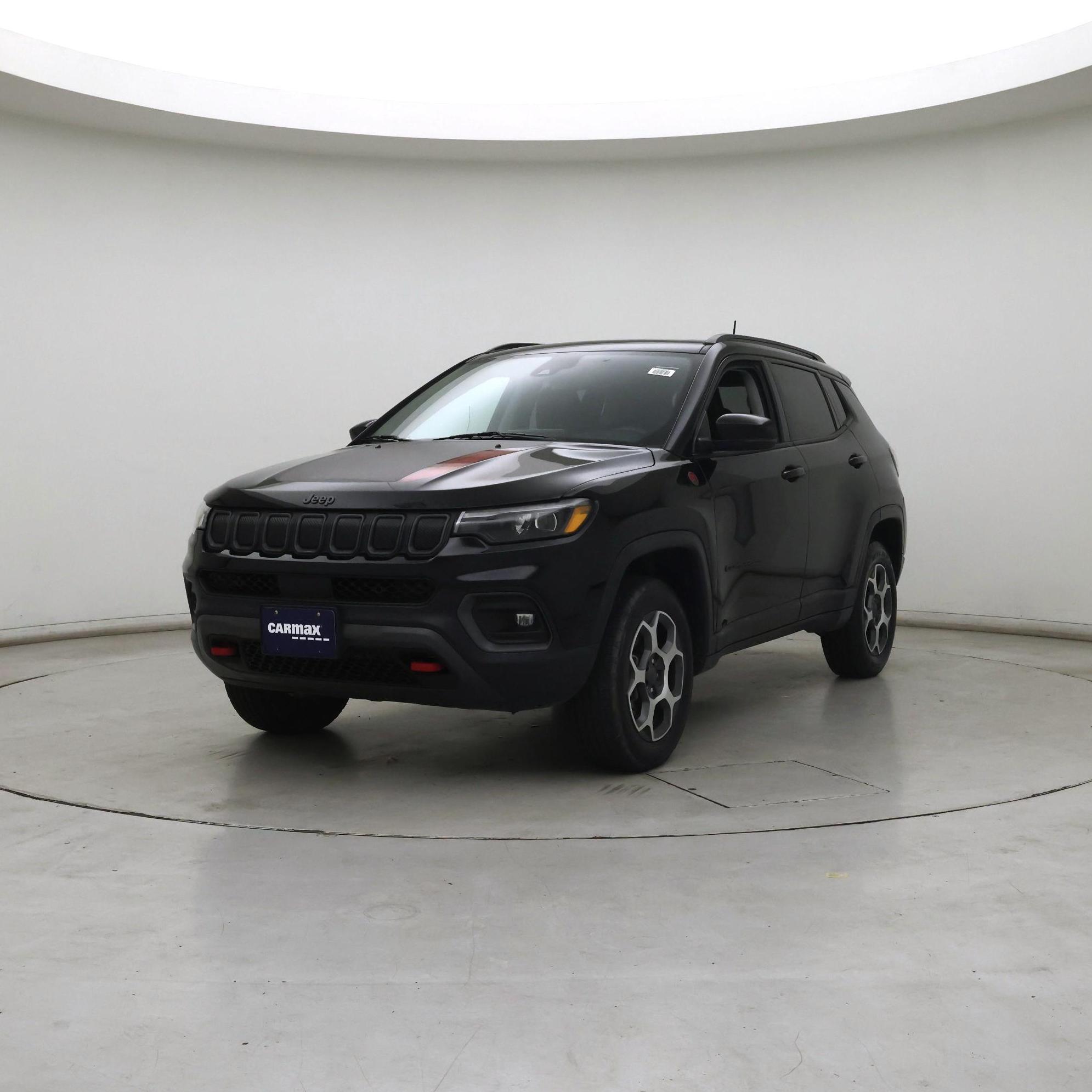 Thumbnail: 2022 Jeep Compass - 4
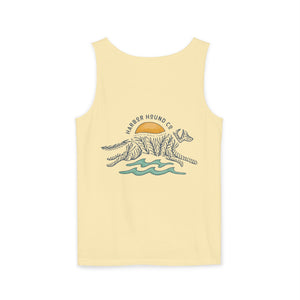 Unisex Garment-Dyed Tank Top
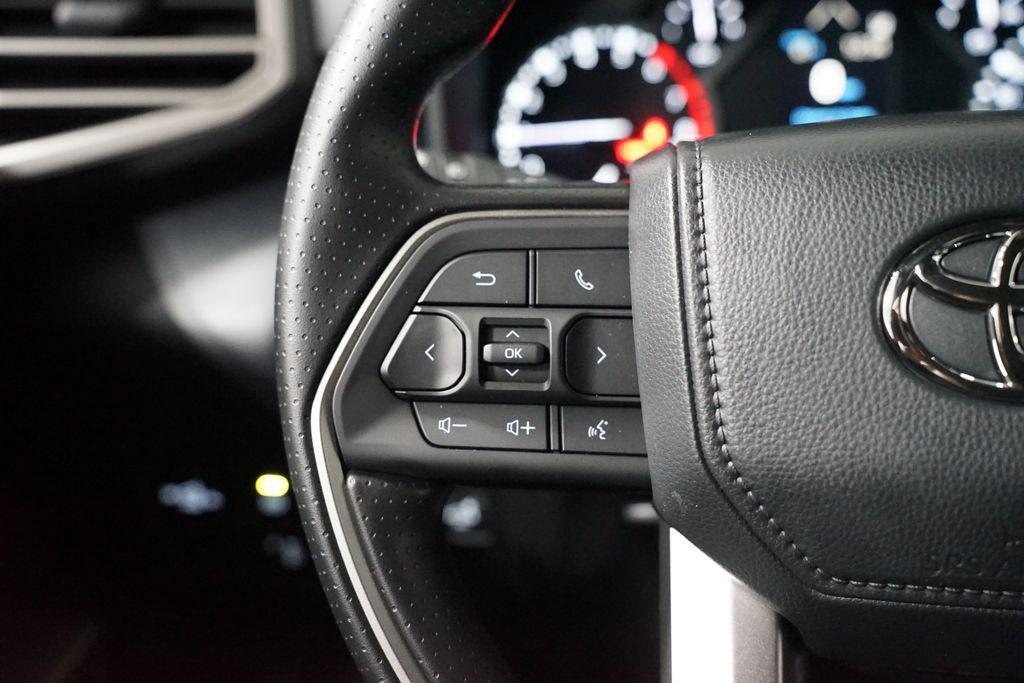 new 2026 Toyota Tundra car, priced at $62,510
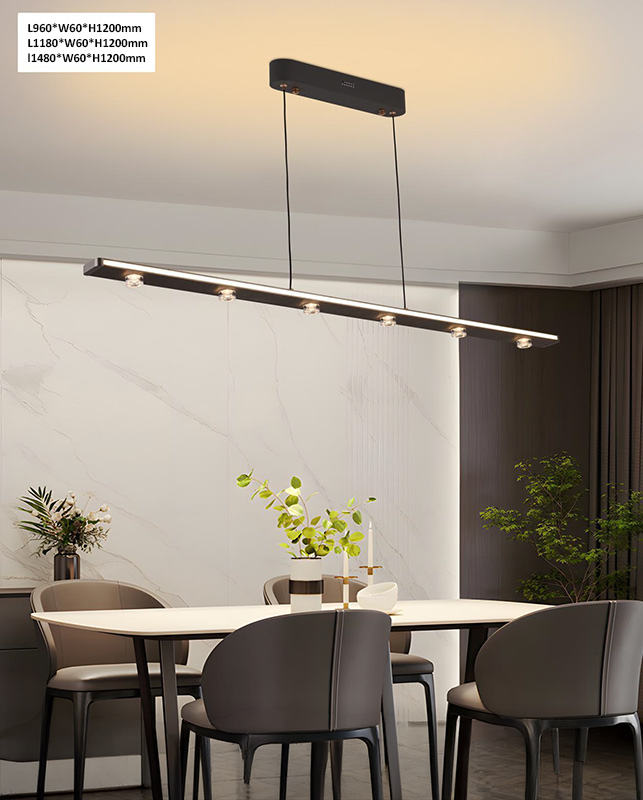 Linear lights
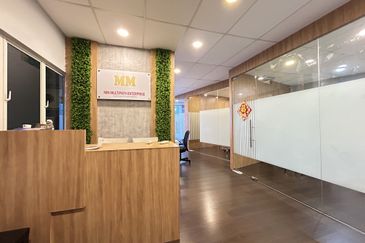 Cheras Business Centre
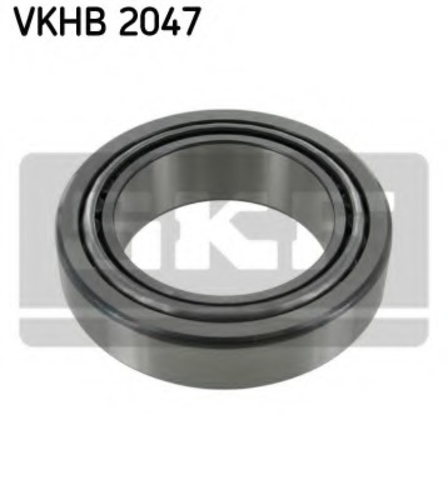 Подшипник ступичный SKF VKHB2047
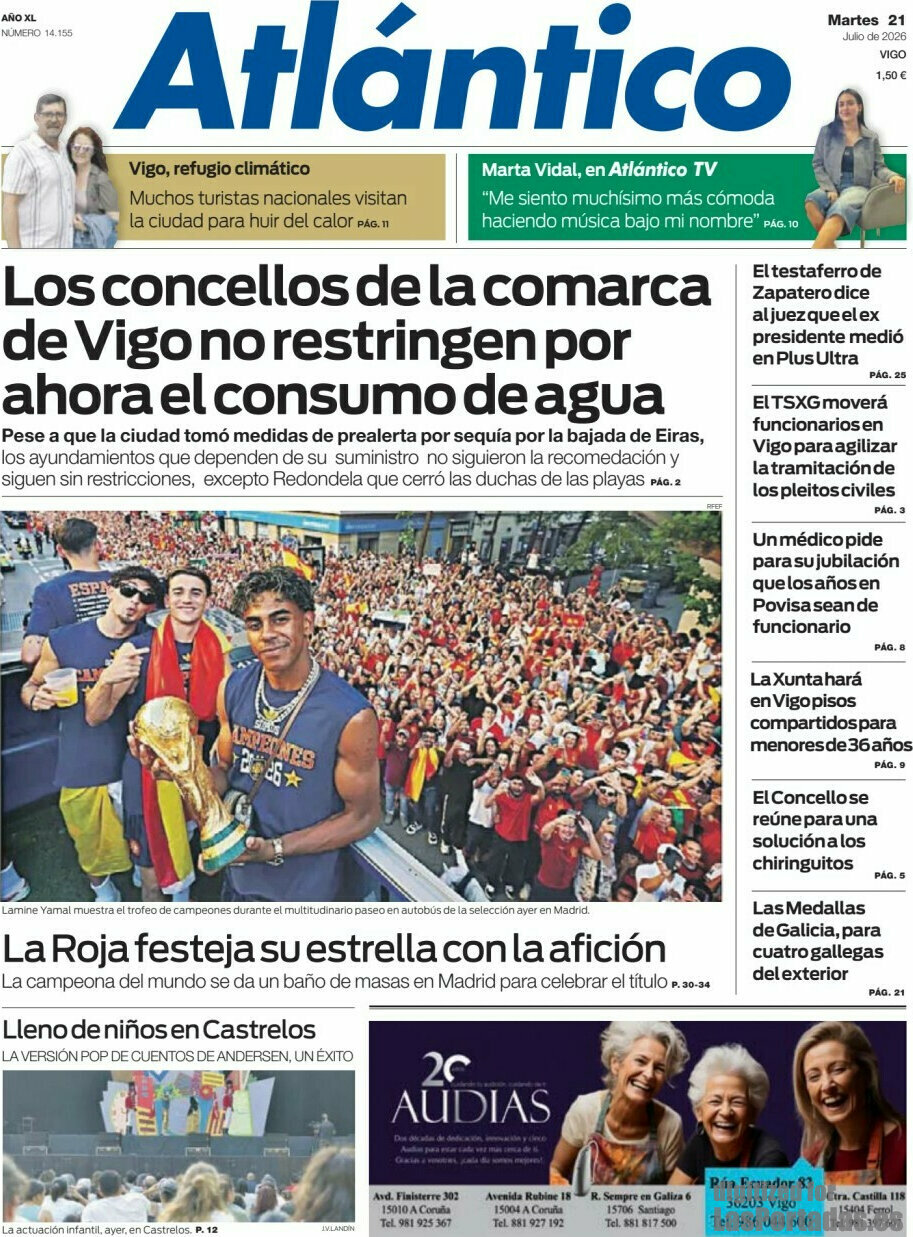 Atlántico Diario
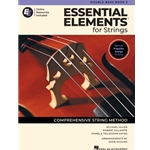 Essential Elements For Strings Book 2 - 2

◆ ◆ ◆

§ Aim of the task: Transcribe the whole listing exactly. Pictures stay out of your copy.

§ Answer box:
 Thumbnail: 2022 Jeep Compass - 4
 Unisex Garment-Dyed Tank Top
 new 2026 Toyota Tundra car, priced at $62,510
 Linear lights
 Cheras Business Centre
 Подшипник ступичный SKF VKHB2047
 Atlántico Diario
 Essential Elements For Strings Book 2 - 2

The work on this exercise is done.